A majority of the population belonged to this category. This class lived a life of poverty. They had a few clothes. They lived in thatched mud houses. This class comprised artisans, attendants, cultivators, labourers, peasants, small traders and shop-keepers, etc. There were slaves also. There was a glaring inequality in the lives of other classes and the common people. The peasants lived virtually at the mercy of the mansabdars and jagirdars. They were worst hit during famines.

Position of women:

Although the general condition of women was not good, there were several capable and enterprising women like Nur Jahan, Mumtaz Mahal, Jahanara, Roshanara, Rani Karnavati, Rani Durgavati, Rani Rupmati, Chand Bibi, Jijabai and Tarabai. But all these ladies belonged to the higher strata of society. In general women suffered from all sorts of handicaps.

Polygamy was very common among the Muslims. Talaq or divorce was also very common and men could get it very easily. There was no talaq among the Hindus.

Sati was common among the Hindu women.

The emperors, the nobles and the rich people had reduced the position of women to articles of pleasure.
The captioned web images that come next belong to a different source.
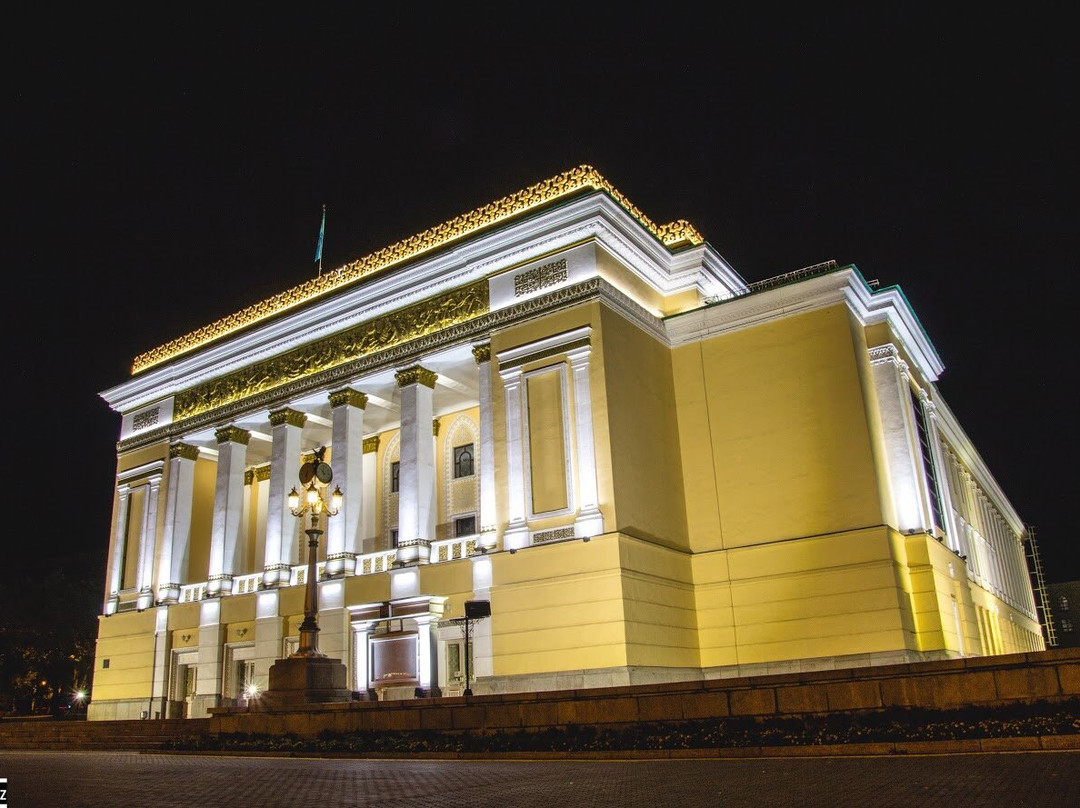 Kazakh State Academic Theatre Of Opera And Ballet Named After Abay景点图片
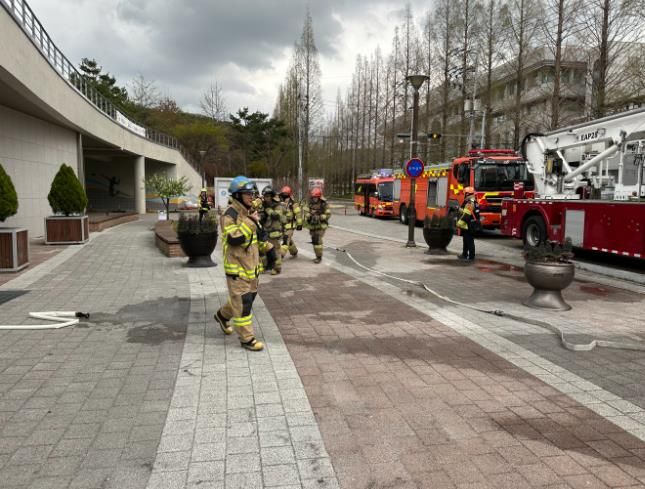 밀양배드민턴경기장에서 진행된 밀양시시설관리공단의 2026년 전국생활체육대축전 대비 합동 소방 훈련 모습
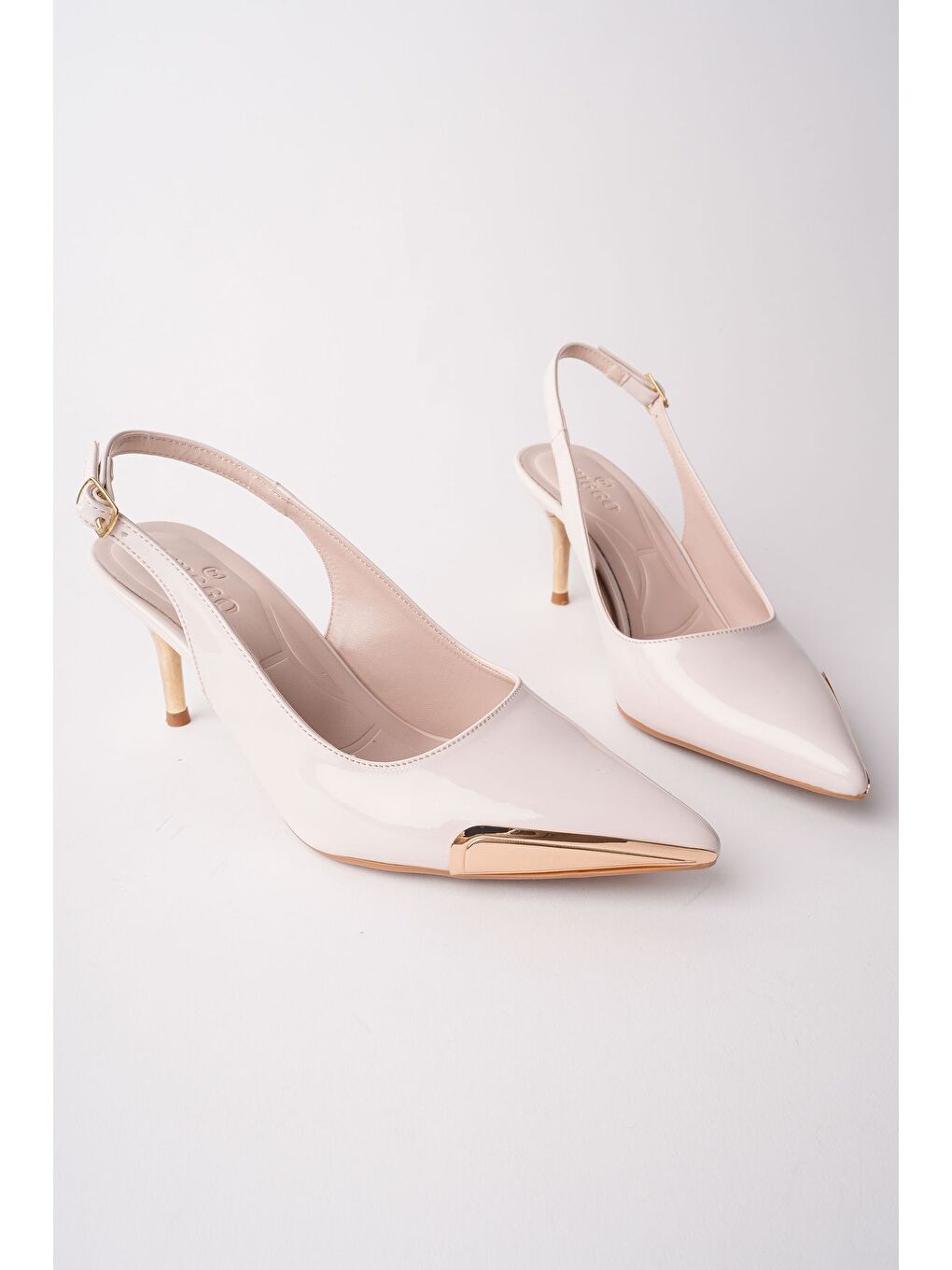 Bej ZENİTH Metal Burun Detaylı Sivri Burun Arkası Açık Kadın Topuklu Ayakkabı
They kept a large number of wives, concubines and slave girls in their harems.

The Muslim women had to observe purdah.

Social evils:

Sati was common among the Hindus. Child marriage was also prevalent. Purda system was in vogue. Untouchability was practiced on a large scale.

Dress, food habits and ornaments etc.:

Important changes took place in dress, food habits and ornaments etc. People of upper and middle classes both among the Hindus and Muslims wore Qahaf – a long coat coming down to the knees and tight trousers. The common man among the Hindus used Dhoti and the Muslims Kurta and Pajama. Both the Hindus and the Muslims wore turbans though their styles differed.

Men, both Hindus and Muslims used Shawls. Hindu ladies wore Dhoti and Angiya and the Muslim ladies ‘Pajama, Ghagra’, ‘Jacket’ dupata etc. Only rich people could afford to wear shoes or chappals.

While the Hindus were mostly vegetarians, the Muslims were generally non-vegetarians. Milk formed an important part of diet in the villages.

Several sections of population used wine, opium and tobacco as intoxicants.

Amusements and sports:

Hunting, animal fighting, wrestling, pigeon- flying, were important sources of amusements and sports. Cock-fightings, bull-fightings and ram-fightings were also very common. Chess and chauper were also played.


The performance of singers and dancers and Mushaira were also very popular.

Summing up:

Like all societies including the present one, there were several inequalities. The majority of the people lived very poorly. The workmen received low wages. The lofty buildings of the Mughals concealed the hardship of the workmen. They were also forced to work for higher classes without any remuneration.

They lived on poor food and took one meal a day sometimes consisting of Khichri made of green pulse mixed with coarse rice. In the period of the Mughals, the people of upper classes were the only beneficiaries while the common people toiled and mostly remained on mere existence level.